• **TASK DIRECTIONS**: Each line from the one containing "and vine pattern" to the end of the records below should be restated word for word; please leave out all other lines.

• **TASK DATA**:
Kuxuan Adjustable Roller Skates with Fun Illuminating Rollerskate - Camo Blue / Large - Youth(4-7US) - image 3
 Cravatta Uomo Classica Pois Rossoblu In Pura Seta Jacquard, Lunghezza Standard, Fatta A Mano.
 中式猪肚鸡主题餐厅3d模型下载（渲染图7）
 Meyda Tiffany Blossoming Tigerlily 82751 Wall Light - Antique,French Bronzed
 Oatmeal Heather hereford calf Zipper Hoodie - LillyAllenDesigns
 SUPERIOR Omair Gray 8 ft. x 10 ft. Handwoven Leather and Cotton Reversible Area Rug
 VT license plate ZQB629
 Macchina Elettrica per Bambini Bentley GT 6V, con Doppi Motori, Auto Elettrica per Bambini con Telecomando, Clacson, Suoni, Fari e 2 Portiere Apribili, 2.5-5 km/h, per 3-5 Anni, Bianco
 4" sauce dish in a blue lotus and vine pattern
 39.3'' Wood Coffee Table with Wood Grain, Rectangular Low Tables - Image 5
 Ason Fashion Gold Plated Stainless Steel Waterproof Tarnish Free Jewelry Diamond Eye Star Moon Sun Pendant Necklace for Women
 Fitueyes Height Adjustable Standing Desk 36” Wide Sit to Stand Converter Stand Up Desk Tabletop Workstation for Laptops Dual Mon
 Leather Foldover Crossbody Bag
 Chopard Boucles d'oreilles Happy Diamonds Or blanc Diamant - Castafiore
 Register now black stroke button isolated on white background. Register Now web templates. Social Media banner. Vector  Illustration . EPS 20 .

• **FINISHED TASK**:
 4" sauce dish in a blue lotus and vine pattern
 39.3'' Wood Coffee Table with Wood Grain, Rectangular Low Tables - Image 5
 Ason Fashion Gold Plated Stainless Steel Waterproof Tarnish Free Jewelry Diamond Eye Star Moon Sun Pendant Necklace for Women
 Fitueyes Height Adjustable Standing Desk 36” Wide Sit to Stand Converter Stand Up Desk Tabletop Workstation for Laptops Dual Mon
 Leather Foldover Crossbody Bag
 Chopard Boucles d'oreilles Happy Diamonds Or blanc Diamant - Castafiore
 Register now black stroke button isolated on white background. Register Now web templates. Social Media banner. Vector  Illustration . EPS 20 .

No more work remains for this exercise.